Observers: Jack Ma fears he has submitted and helped the Chinese Communist Party control the people

Jack Ma, the founder of Alibaba Group, who has been suppressed by the Chinese Communist Party, has recently emerged after disappearing for three months. Observers believe that under the Chinese Communist Party system, Ma may have submitted and helped the Chinese Communist Party to control consumers at Home and abroad through digital hegemony.

On the morning of January 20, Ma, who had disappeared for more than three months, appeared at the “rural Teacher Award” ceremony organized by the “Ma Yun Charity Foundation”.

The departure of Yin Ming, vice president and general manager of the group’s insurance affairs department, sparked a lot of public debate. Some people said that Yin Ming saw that Ant was in a bad situation and jumped ship urgently; others said that there might be big changes in Ant Group afterwards.

On January 22, Voice of America reported that Ma was immediately under suspicion of being purged by the Chinese Communist Party after regulators halted Ant Group’s IPO in early November and launched an anti-monopoly investigation into Alibaba Group in December.

After more than two months of turmoil, Chen Yulu, deputy governor of the central bank of the Communist Party of China, announced on the 15th that, under the guidance of the financial authorities, Ant Group has set up a working group to rectify the situation and is working on a timetable for rectification, while maintaining the continuity of business and normal operation of the company.

In this regard, the market interpreted that the Chinese Communist Party has released a signal to let Ma and his business go.

Some observers believe that what the CCP wants most from Jack Ma is “digital hegemony,” which is a triple stream under the party-state system: Gold stream, information stream and content stream. Ma has no way to resist, so he can only meekly cooperate and help the CCP to engage in digital authoritarianism.

A data security expert, who wished to remain anonymous, explained to VOA that the content stream allows the CCP to control people’s minds. As for the control of information, it allows the CCP to centralize its power and achieve complete totalitarian control over the people.

The expert said that if, with Ma’s cooperation, the CCP controls the money flow of nearly 900 million Chinese people, it can achieve its goals of comprehensive tax collection, combating money laundering and Party corruption, and solving the serious problem of tax evasion.

According to the CCP’s national intelligence law, the expert deduced that Ma may have already turned over data to the central government, but the data he provided may not be comprehensive, may be hidden, or may be impossible to distinguish from the truth, thus triggering the CCP’s intention to gain access to Ali’s data base through Ma’s ownership.

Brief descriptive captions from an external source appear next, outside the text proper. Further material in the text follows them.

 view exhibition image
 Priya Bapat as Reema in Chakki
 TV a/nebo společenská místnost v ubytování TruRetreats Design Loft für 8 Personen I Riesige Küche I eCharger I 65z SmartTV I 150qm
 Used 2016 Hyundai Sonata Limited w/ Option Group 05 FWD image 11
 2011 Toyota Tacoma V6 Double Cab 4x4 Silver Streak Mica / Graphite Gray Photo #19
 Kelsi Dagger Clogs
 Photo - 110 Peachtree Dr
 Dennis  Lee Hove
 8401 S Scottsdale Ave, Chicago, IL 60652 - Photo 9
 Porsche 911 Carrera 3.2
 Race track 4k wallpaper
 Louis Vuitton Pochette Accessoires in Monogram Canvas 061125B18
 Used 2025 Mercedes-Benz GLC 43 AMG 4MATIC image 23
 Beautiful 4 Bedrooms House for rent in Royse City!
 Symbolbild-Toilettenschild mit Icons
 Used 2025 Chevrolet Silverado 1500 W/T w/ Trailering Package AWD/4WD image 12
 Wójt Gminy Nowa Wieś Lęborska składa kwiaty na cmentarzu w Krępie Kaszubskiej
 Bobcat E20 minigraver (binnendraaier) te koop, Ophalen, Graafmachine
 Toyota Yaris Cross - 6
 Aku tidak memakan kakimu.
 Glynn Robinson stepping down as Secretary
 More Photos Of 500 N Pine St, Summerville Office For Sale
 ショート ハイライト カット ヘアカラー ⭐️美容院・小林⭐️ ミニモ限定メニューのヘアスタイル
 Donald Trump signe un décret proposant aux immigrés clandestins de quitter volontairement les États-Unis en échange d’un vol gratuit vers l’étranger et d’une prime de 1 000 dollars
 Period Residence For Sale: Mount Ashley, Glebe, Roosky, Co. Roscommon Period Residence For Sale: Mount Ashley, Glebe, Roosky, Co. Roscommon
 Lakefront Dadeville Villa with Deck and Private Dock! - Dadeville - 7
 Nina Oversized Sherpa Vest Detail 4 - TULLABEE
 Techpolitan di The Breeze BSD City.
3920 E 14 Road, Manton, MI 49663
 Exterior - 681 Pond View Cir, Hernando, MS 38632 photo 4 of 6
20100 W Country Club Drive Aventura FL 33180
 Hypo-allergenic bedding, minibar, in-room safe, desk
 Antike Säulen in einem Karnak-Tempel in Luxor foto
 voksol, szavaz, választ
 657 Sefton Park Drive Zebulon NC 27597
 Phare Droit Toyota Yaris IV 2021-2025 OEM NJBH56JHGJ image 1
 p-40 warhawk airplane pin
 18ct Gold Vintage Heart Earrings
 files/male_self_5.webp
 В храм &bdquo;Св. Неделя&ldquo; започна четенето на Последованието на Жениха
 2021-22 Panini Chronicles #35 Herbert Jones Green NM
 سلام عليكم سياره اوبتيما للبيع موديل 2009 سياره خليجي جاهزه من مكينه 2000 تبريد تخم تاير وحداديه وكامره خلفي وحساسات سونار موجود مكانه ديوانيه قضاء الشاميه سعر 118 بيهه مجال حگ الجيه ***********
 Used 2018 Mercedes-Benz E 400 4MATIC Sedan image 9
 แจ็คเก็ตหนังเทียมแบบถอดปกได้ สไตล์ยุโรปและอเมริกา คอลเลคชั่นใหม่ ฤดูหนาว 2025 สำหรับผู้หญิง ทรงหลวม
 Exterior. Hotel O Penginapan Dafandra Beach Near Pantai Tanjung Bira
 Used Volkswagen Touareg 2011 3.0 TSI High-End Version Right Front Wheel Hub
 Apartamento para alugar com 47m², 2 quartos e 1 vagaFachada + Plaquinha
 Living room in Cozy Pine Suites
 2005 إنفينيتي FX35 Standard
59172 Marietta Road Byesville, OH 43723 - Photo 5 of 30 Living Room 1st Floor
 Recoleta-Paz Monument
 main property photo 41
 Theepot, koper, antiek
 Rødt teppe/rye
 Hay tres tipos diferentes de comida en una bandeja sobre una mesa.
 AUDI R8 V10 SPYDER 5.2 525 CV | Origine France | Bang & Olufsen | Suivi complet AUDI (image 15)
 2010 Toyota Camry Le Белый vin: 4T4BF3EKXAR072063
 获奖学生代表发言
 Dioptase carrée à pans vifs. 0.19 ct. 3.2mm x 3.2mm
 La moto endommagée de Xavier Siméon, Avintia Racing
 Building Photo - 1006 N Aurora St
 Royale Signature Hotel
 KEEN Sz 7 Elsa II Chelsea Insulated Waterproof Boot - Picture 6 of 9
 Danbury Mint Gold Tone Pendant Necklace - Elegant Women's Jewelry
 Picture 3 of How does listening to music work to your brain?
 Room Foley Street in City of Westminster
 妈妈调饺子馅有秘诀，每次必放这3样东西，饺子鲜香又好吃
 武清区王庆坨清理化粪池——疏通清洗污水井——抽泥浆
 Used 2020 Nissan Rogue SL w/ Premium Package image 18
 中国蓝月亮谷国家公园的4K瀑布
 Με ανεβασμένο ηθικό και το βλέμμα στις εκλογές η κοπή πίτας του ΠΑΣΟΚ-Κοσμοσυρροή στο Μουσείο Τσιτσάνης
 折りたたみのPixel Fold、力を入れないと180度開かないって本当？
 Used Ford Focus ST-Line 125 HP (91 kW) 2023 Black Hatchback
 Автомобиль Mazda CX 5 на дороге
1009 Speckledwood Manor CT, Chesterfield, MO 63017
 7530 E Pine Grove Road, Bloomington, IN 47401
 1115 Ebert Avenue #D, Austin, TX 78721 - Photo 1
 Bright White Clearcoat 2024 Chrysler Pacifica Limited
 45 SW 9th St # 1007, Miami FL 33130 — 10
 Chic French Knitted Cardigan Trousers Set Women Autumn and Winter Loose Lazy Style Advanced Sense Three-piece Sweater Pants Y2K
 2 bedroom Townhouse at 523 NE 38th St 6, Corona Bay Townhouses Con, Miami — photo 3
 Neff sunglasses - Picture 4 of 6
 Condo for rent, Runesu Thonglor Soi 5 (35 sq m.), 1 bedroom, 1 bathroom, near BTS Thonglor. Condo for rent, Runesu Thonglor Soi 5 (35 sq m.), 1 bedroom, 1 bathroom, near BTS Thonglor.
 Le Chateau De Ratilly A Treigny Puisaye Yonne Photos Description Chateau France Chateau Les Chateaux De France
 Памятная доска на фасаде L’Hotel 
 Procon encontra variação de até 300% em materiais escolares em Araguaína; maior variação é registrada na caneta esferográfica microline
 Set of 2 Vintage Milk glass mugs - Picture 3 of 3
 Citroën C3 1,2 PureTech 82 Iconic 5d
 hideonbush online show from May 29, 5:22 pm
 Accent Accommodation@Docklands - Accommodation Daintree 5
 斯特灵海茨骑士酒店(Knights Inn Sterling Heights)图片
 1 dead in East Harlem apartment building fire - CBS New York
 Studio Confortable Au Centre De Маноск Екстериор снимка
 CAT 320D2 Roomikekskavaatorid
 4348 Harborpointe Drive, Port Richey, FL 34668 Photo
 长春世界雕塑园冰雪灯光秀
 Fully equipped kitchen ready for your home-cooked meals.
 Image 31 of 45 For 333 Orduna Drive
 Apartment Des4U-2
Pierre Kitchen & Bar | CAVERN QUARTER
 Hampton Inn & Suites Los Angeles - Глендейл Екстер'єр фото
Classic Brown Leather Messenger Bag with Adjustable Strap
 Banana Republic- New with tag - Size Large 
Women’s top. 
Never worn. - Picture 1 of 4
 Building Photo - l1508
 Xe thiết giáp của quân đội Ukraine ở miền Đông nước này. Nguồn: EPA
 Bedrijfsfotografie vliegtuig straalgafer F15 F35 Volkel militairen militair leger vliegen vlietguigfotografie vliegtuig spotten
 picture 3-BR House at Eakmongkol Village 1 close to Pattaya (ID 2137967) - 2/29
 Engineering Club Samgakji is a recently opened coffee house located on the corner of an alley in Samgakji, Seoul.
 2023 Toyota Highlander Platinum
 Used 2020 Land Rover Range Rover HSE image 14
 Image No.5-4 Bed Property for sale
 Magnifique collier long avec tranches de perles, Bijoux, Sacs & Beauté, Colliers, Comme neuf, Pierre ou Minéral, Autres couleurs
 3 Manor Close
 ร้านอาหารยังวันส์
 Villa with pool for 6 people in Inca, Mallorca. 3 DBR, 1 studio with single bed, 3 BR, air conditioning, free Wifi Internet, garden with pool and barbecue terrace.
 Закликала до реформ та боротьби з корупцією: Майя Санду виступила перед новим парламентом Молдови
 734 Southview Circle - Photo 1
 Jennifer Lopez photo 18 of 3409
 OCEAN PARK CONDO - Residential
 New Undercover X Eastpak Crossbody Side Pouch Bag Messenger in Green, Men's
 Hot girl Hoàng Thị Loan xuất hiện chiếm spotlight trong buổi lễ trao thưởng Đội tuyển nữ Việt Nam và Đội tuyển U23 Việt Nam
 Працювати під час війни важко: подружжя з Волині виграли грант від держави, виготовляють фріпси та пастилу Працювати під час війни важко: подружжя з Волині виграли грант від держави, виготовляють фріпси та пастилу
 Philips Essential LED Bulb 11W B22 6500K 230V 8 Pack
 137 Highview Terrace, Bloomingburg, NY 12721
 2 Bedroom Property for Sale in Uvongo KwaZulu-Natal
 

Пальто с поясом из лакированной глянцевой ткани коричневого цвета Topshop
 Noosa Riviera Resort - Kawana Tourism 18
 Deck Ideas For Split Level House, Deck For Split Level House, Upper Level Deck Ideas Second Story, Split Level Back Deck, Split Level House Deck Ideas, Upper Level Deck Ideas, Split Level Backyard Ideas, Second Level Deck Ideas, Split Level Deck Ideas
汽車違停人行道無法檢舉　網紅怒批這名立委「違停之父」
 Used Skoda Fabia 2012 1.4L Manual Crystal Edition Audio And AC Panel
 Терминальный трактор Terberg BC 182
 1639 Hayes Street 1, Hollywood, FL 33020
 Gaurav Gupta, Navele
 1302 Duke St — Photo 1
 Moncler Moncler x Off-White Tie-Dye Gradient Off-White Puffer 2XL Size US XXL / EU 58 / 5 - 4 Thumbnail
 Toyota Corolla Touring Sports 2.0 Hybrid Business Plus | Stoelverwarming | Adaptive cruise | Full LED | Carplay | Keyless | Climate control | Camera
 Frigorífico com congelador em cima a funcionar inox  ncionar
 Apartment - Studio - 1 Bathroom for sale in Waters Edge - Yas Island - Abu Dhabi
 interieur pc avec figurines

While digital hegemony would help the CCP fight financial crime, he said, it would be a “very scary regime” because it would also be an easier tool for the CCP to suppress dissidents and violate human rights. He cited the example of the CCP’s efforts to trace the whereabouts of believers and the flow of their donations by tracing the flow of money from online scripture purchases.

He said that in addition to the money flow, the content and information flow provided by the platform could allow the CCP to further censor speech and control people’s minds, or to further expand its power, leading China to a totalitarian system of total surveillance of the people.

The expert also revealed that nearly 90 percent of the world’s card readers are made in China, and it is not impossible for those involved to collect personal information, including passport numbers, of overseas people through the “back door” left by these hardware devices, as long as the Chinese Communist Party gives the order.

He said that as China’s Internet platforms and software services expand abroad, such as Ali’s cloud services, which already has one of the top market shares in the world, the Communist Party is likely to further expand its digital hegemony overseas through China’s major technology companies.

The expert also believes that as technology advances, a country with digital hegemony will likely dominate global economic development and the flow of gold, information and content in the future. This is also the long-term national goal of the Chinese Communist Party.

Ding Shu-fan, professor emeritus at the Institute of East Asian Studies at National Chengchi University in Taiwan, also told VOA that if the Chinese Communist Party (CCP) were to take control of big data under the authoritarian system, it would further strengthen the CCP’s emphasis on digital totalitarianism in the political system.

Hong Kong economist Eric Lo said it would not be easy for Beijing to extend its digital hegemony beyond China’s borders. Hong Kong is the first society to be affected. But many Hong Kong people have already chosen to emigrate or open offshore accounts to avoid such Communist control of their wealth.